Rivalry games, the ones where teams' records don't matter, where players are reminded of tradition, where the victors hoist a traveling trophy before their cheering student section, are disappearing from the high school football landscape.
Call it the unintended consequences of adding a seventh class in 2012 and killing conferences in favor of the district scheduling model in 2015. But some teams are scheduling opponents with parity and playoff positioning in mind, not pomp and circumstance.
Perhaps no game on Friday's slate better reflects changing times than Apple Valley hosting Park of Cottage Grove. The Class 5A programs are budding rivals playing a game with section playoff implications. The host Eagles have ended the Wolfpack's past two seasons.
Apple Valley, meanwhile, plays none of its fellow School District 196 programs Eagan, Eastview (located in Apple Valley) and Rosemount. Those teams reside in Class 6A because of larger enrollments. The Eagles are one of several metro-area programs with schedules that leave alumni perplexed.
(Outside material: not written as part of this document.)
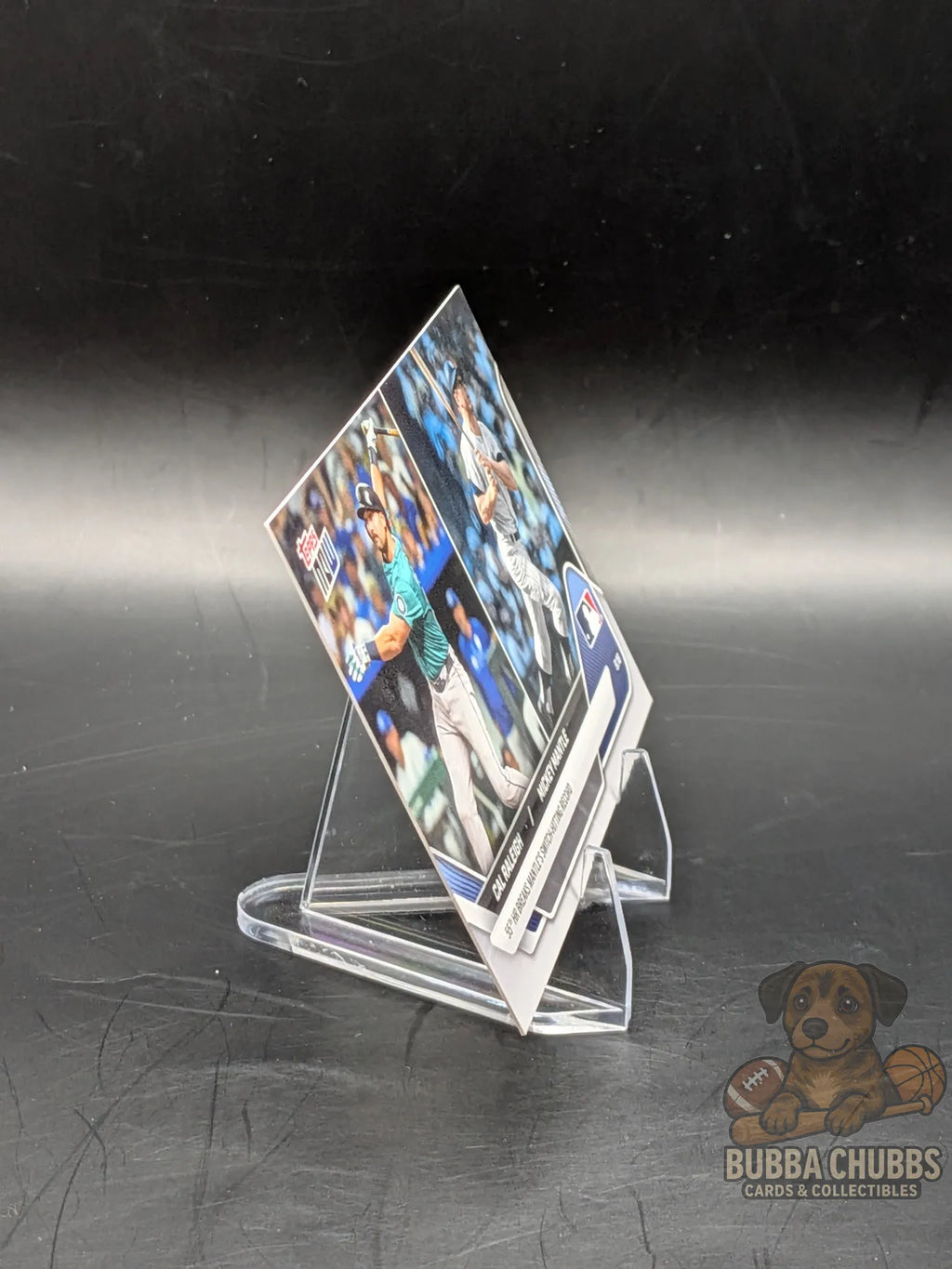 Baseball trading card featuring Cal Raleigh and Mickey Mantle topps now commemorative 55th HR switch hitting record 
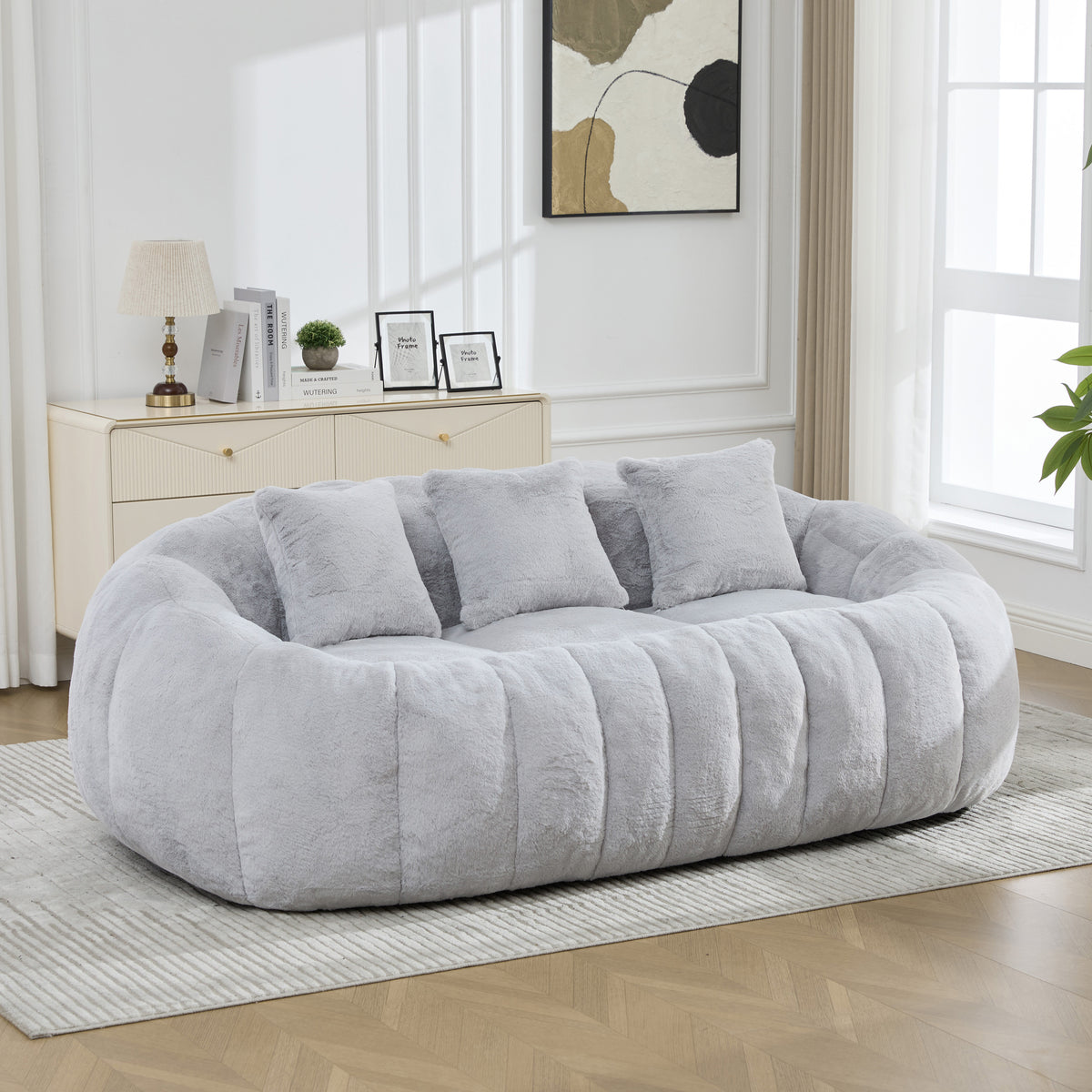 74.8' W Floral Shaped Boneless Loveseat Sofa, Ultra Soft Faux Fur Cloud Couch No Assembly Required, Oversized Deep Seat Compressed Foam Sofa for Living Room, Bedroom, Apartment, Lounge Area.Gray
"I told the kids on Monday that this is a rivalry game even if they don't see it that way," Apple Valley coach Chad Clendening said. "Park is a team in our district, so that's a rivalry to me."
Wolfpack coach Darin Glazier values parity and a good experience over rivalries. Park languished near the bottom of the Suburban East Conference, posting just one winning record in the conference in 10 seasons before district scheduling brought relief in 2015.
"That was the shot in the arm we needed," said Glazier, whose teams haven't played fellow District 833 schools East Ridge and Woodbury since 2014. "The state the program was in, there were no more rivalries. Apple Valley has beaten us two years in a row, but those were healthy battles for us."
Andover also jettisoned surrounding rival communities Anoka and Blaine — 6A programs — for one that better suited its Class 5A status. And while drives to play unfamiliar opponents such as Alexandria, Chisago Lakes and Cambridge-Isanti are measured in many miles rather than a few minutes, the trade-off hasn't hurt the experience.